MSE = np.mean((y-(b + w*x))**2)

# legend, title, and labels.
plt.text(40,700, f"MSE ={MSE:.2f}")
plt.title('Surface area and price of apartments', size=18)
plt.xlabel('Surface (m^2)', size=18)
plt.ylabel('Price (tausend CHF)', size=18)

Text(0,0.5,'Price (tausend CHF)')

Compare your values with the optimal ones, by running the code
w, b = np.polyfit(x, y, 1).

Due to the simplicity of the linear model, it is possible to derive the explicit formulas for the parameters by calculating the partial derivatives of the $MSE$ w.r.t. the parameters and setting the values of these to $0$. Without detailed explanation $$\frac{\partial MSE}{\partial w} = 0, \quad \frac{\partial MSE}{\partial b} = 0$$ one can conclude: $$\left\{\begin{align*} w &= \frac{\sum\limits_i (x_i - \overline{x})\cdot (y_i-\overline{y})}{\sum\limits_i(x_i - \overline{x})^2} = 5.70\\ b &= \overline{y}-w\cdot \overline{x} = 57.30 \end{align*}\right. $$ where $\overline{x} = \frac{\sum_i x_i}{n}$ and $\overline{y} = \frac{\sum_i y_i}{n}$

1.3. Neuronal networks¶

The above univariate linear regression model can be presented as

For the future notation we leave away the virtual input of 1.

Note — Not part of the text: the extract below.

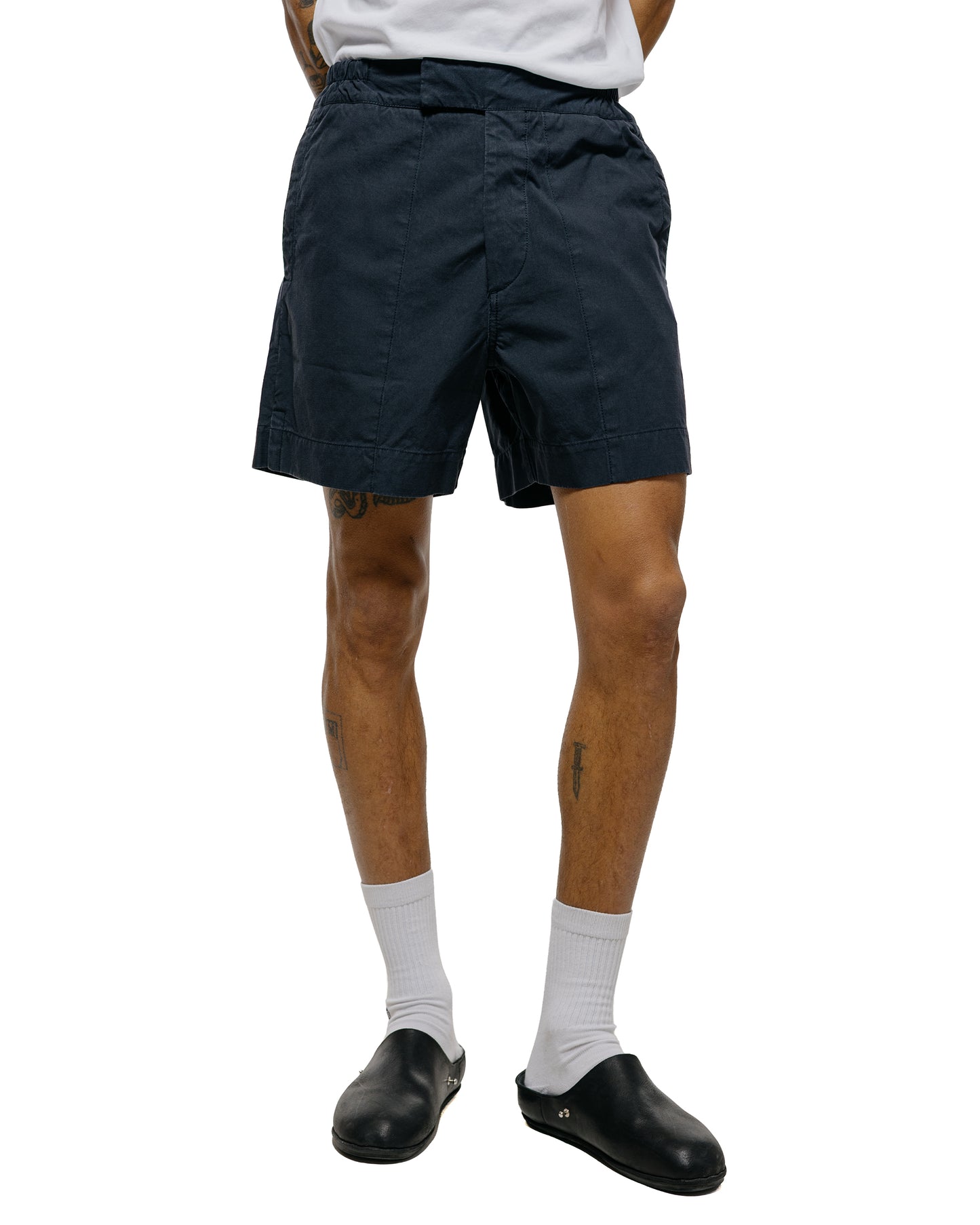 lost & found Margaret Howell MHL Gym Shorts Washed Cotton Ripstop Ink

Now we make the model more complex until we get to the a two-layer neuronal network. First we apply an activation function $g$ to the linear transformation $b+w \cdot x$.

The above red ball corresponds to the smallest building unit of a neuronal network, namely a neuron. In a neuron:

there happens a linear transformation
to which an activation function is applied and this provides the output of the neuron.

Next we allow for more inputs.

Finally we allow also for more outputs and we have two hidden layers.

The number of hidden layers indicates that the last neuronal network is a two-layer neuronal network.

1.4. Motivation¶

Exactly as in the case of linear regression the weight matrices $W^{(1)}$, $W^{(2)}$, respectively the intercepts $b^{(1)}$ and $b^{2}$ will be parameters of the loss function which is subject to minimisation. In the general case there is no immediate straightforward formula for the optimal parameters.

The minimum of the loss function can be approximated by the **gradient descent** method. $$\hspace{-2cm}\Uparrow$$ For the gradient descent method we should be able to derive the **partial derivatives** of the outputs w.r.t. all parameters of the model. $$\hspace{-2cm}\Uparrow$$ For neuronal networks with more hidden layers and differentiable activation functions these partial derivatives can be deremined by the **chain rule**. $$\hspace{-2cm}\Uparrow$$ To apply the chain rule for a setting like in the last network, one needs to perform **matrix multiplications**.

The number of machine learning algorithms is large. That's why generally a huge amount of input data is needed to determine the model parameters. Alternatively, if we don't possess that much data, we can reduce the dimensionality of the input data (and by that we end up also with a smaller number of model parameters). For dimensionality reduction we can use the PCA (principal component analysis), which is the same as singular value decomposition. The first name is used more in the circle of statisticians and the second name is more popular among theoretical mathematicians. To derive PCA, we need the notion of orthogonal projection, eigenvalues and eigenvectors, the method of Lagrange multipliers and some descriptive statistics.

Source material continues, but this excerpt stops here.